Nah over the course of the years I've learnt no alt coin is worth anything. If you want to invest in crypto stick with btc/eth.
This is complete bs and almost a cliche at this point. There's so much potential in a lot of altcoin projects to provide longterm solutions that in 10 years+ will still be in operation with their tokens being worth thousands of % higher than today. Case in point - BAT and Brave. If you want more just take a cursory look in the top 50 and do some research into what some of those projects are about.
If you've learned that only investing in BTC/ETH is worth doing "over the course of years" then you haven't been paying attention tbh. If the goal of investing is maximising profit (which it is) then take a look at the ROI on BTC over the last bull run compared to a cluster of the top altcoins at the time.
Saying that only BTC/ETH should be invested in is the same as saying that the only viable applications of crypto and blockchain are as a basic form of digital currency and as 2nd-layer smart contracts system. That's as insane as saying the only way AI can be used is self-driving cars and playing chess.
Ask yourself this: why aren't they using the default DAI and Maker system? Why do we need a new coin for each pawn shop?
Because almost all provide unique opportunities, and those that don't are competing against each other for prominence.
ie. Curve provides the lowest slippage for stablecoin:stablecoin trading.. traders, farmer/lp's, investors are an ecosystem of profit and income amongst themselves.

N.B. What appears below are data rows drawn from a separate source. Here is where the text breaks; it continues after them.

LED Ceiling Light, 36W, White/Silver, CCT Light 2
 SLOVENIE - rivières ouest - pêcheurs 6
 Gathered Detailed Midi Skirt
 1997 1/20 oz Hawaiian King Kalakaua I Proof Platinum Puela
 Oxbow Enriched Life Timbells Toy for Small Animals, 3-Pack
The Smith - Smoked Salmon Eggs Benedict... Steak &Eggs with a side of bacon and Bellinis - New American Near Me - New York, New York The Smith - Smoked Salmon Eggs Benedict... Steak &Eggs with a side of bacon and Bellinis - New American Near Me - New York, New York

Before Curve there wasn't a platform that focused solely on stablecoin liquidity pools, although obviously there are others where non-stablecoin:stablecoin could be traded with low slippage (still not as low though).
I was actually talking to the founder of Curve two days ago about some of the new products they're developing right now in partnership with a few of the other DeFi projects and I think that all involved are going to take off and be some of the best investments of this bull run.
As most crypto projects, only ~10% will still exist. Everything else will die.
I used to think that a few years ago as well, but over time I've realised that picking arbitrary percentages and saying that's how many will be left in the future is an unsubstantiated guess at best.
Realistically, anything that solves a real-world problem and is profitable will continue to operate. If only 10% of projects do that, yeah, only 10% will survive. But there's an equally likely possibility that 50% or more projects survive, especially being that the people behind those projects have a) the incentive to create legitimate startups that solve problems in order for them to make money b) continuous investment from the market, and c) 4 or 5 years (for most projects) of operation without disappearing and having that time to keep building out their infrastructure.. bearing in mind many of those projects secured more than $1M in funding during the ICO boom, and a still large number got more than $10M.
Any founders of those crypto projects could have taken the cash, dissolved the project and never worried about it again. They're still in the market, a vast majority have built teams and expanded their original scope of operation.
At the end of the day, logic always wins. In this situation its more logical for these projects to build something viable and then ride this bull run and the coming ones and disrupting their chosen field with a blockchain-based solution than larping around for 4 years without creating anything worth investing in.